----- STORED DATA -----
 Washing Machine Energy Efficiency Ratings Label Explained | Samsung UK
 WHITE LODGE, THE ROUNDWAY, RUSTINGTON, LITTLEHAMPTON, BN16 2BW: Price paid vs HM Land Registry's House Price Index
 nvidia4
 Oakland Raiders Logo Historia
-----
## TO DO
Would you output the entire listing exactly as written?

## ANSWER TO THE EXERCISE
 Washing Machine Energy Efficiency Ratings Label Explained | Samsung UK
 WHITE LODGE, THE ROUNDWAY, RUSTINGTON, LITTLEHAMPTON, BN16 2BW: Price paid vs HM Land Registry's House Price Index
 nvidia4
 Oakland Raiders Logo Historia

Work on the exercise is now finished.